Die Situation rund um die Digitalisierung der Erfassung akzisableller Waren (Alkohol, Tabak und Flüssigkeiten für elektronische Zigaretten) hat sich verschärft. Laut Hetmanzew funktionierte ein erheblicher Teil der Software im April und Mai 2026 entweder nicht oder wurde überhaupt nicht entwickelt. Unternehmensvertreter beklagten sich bei Treffen mit Abgeordneten über die Unmöglichkeit, vollständige Tests durchzuführen: Ein Teil der Funktionalität existiert „in der Natur“ nicht.

Der Volksabgeordnete betonte, dass die im einschlägigen Gesetz Nr. 3173-IX festgelegten Fristen ursprünglich vom Ministerium für digitale Transformation vorgeschlagen oder genehmigt wurden. Ursprünglich sollte das System am 1. Januar 2026 in Betrieb gehen. Nach dem Verpassen dieser Frist bat das Ministerium öffentlich um eine Verschiebung des Starts auf den 1. November 2026 und sicherte sich damit 2,5 Jahre für die Entwicklung. Jetzt, so die Meinung von Hetmanzew, verpasst die Behörde auch dieses Datum.

### Risiken für den Haushalt und die Wirtschaft

Die Unvorbereitheit des Systems wird nicht nur durch Aussagen von Abgeordneten bestätigt, sondern auch durch Einschätzungen der Wirtschaftskreise. Anfang Juli 2026 erklärte die Europäische Business Association (EBA), dass es ungelöste technische und rechtliche Fragen gibt.

Die stellvertretende Direktorin der EBA, Swetlana Michailowska, stellte fest, dass Unternehmen die Kontinuität der Produktions-, Vertriebs- und Fiskalisierungsprozesse ab dem 1. November nicht bestätigen können. Zu den wichtigsten Problemen, die das Geschäft hervorhebt, gehören:

    - Unvorbereitheit der Offline-Anwendung;

    - Fehlende Funktionalität zur Darstellung von Änderungen in den Zolldeklarationen.

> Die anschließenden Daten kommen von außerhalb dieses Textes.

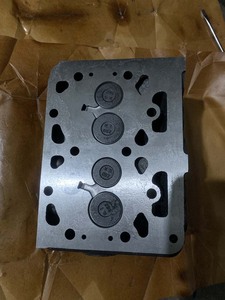 Z600 Cylinder Head Complete 15261-03040 15261-03043 15221-03030 15221-03029 for Kubota B5100D B5100E Excavator Accessories - Product Image 4
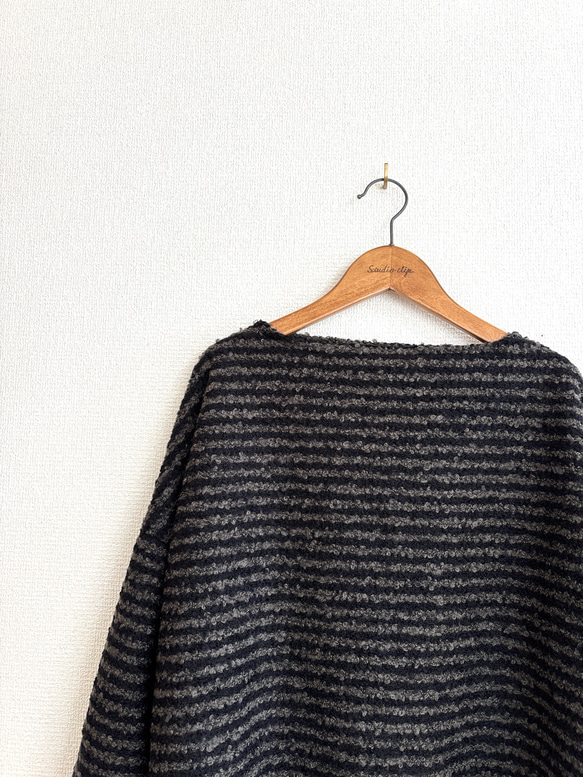 リングウールのワイドプルオーバー/ブラック×グレー 1枚目の画像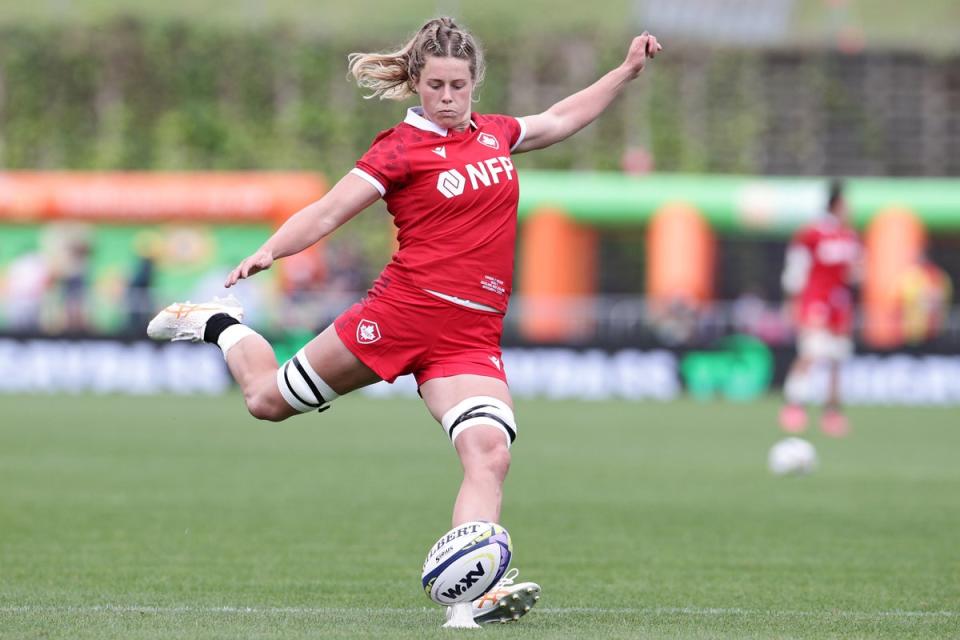 Canada No 8 Sophie de Goede has re-signed for Saracens (Getty Images)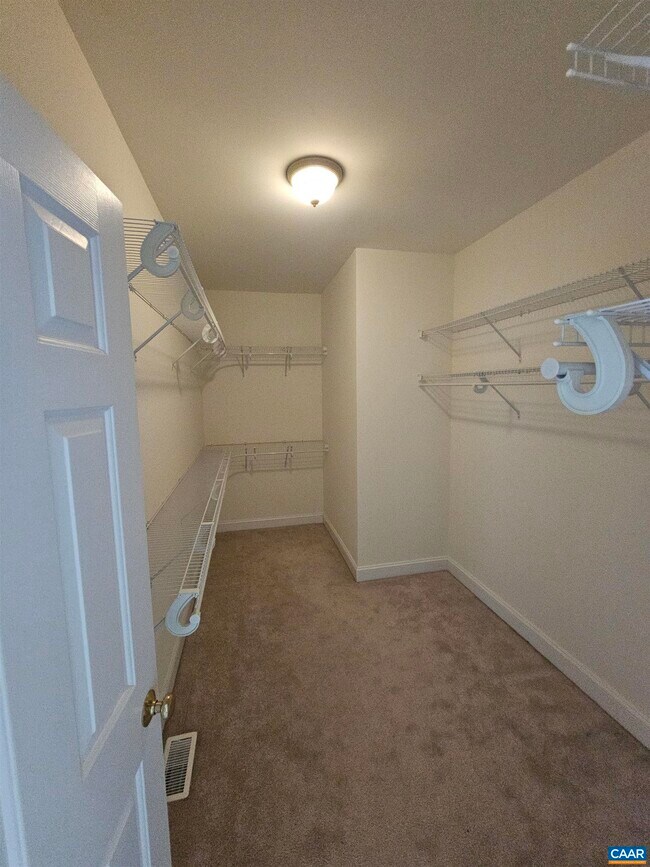 Building Photo - 134 Deerwood Dr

Experten warnen vor ernsthaften finanziellen Risiken. Laut Einschätzungen der Teilnehmer der EBA würde ein Ausfall des Systems nach einem unvorbereiteten Start zu Verlusten des Staatshaushalts von mehr als 500 Millionen Hrywnja täglich führen.

### Personelle Entscheidungen und neue Hoffnungen

Als Reaktion auf die Fehlschläge bei der Entwicklung stellte Hetmanzew fest, dass im Ministerium für digitale Transformation bereits personelle Entscheidungen getroffen wurden und die Spezialisten, die solche Ausfälle verursacht haben, ihre Posten verlassen haben. Der Abgeordnete äußerte die Hoffnung, dass das neue Team des Ministeriums eine klare strategische Vision und realistische Pläne für die Einführung des E-Akzises vorlegen kann.

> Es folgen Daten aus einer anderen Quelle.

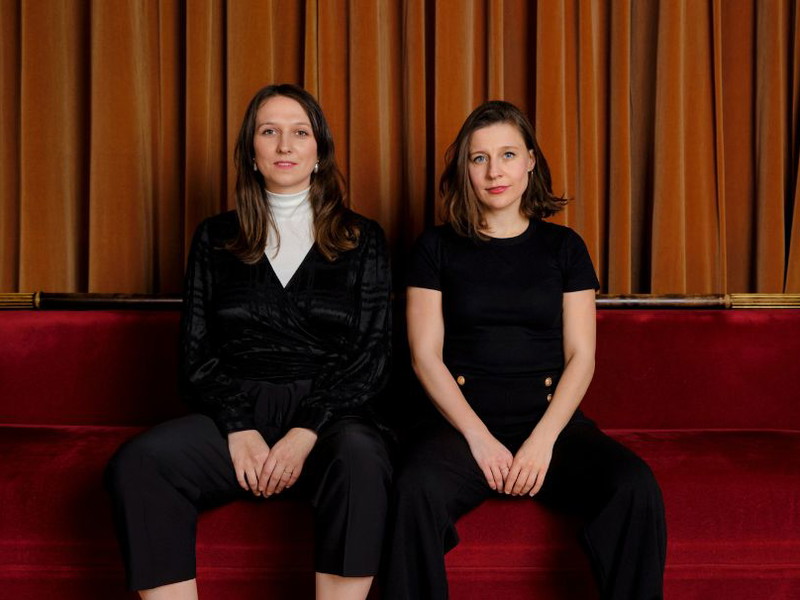 Katharina Augendopler und Krysztina Winkel Mitgestalterinnen der aktuellen Jugendoper und des erfolgreichen Outreach-Programmes der Wiener Staatsoper.
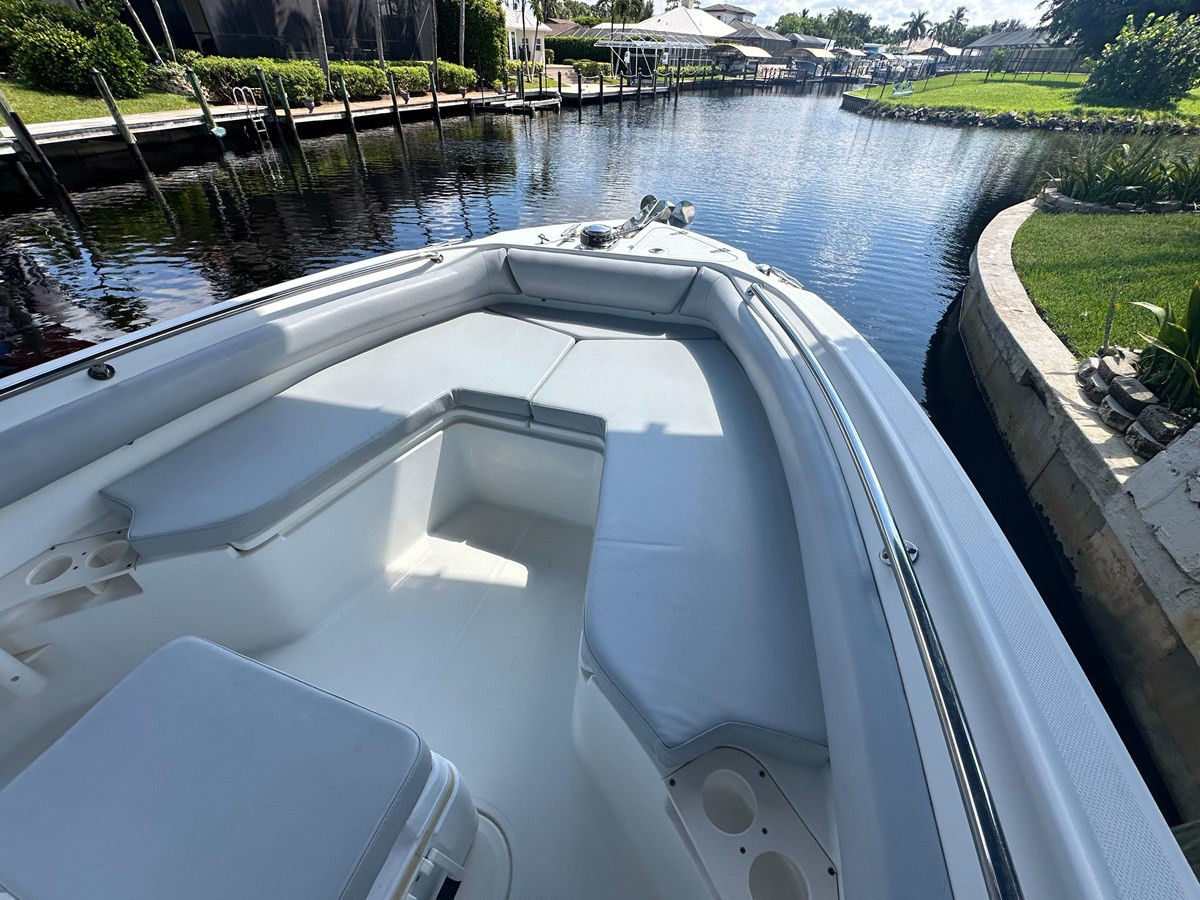 https://arconyachts.ams3.digitaloceanspaces.com/192184/conversions/large_4379236-optimize.jpg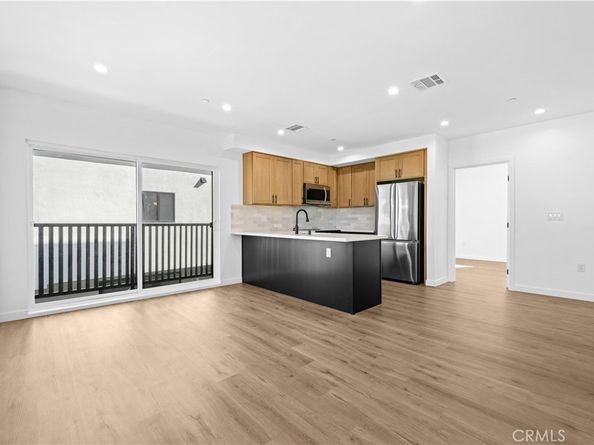 1340 N Kingsley, Los Angeles CA 90027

Die Tests des Systems „E-Akzise', das gegen den illegalen Markt kämpfen soll, begannen bereits im Januar 2026. Doch angesichts der aktuellen Dynamik bleibt die Frage nach dem Datum des vollständigen Starts offen und hängt von der Fähigkeit des überarbeiteten Ministeriums für digitale Transformation ab, die Situation zu korrigieren.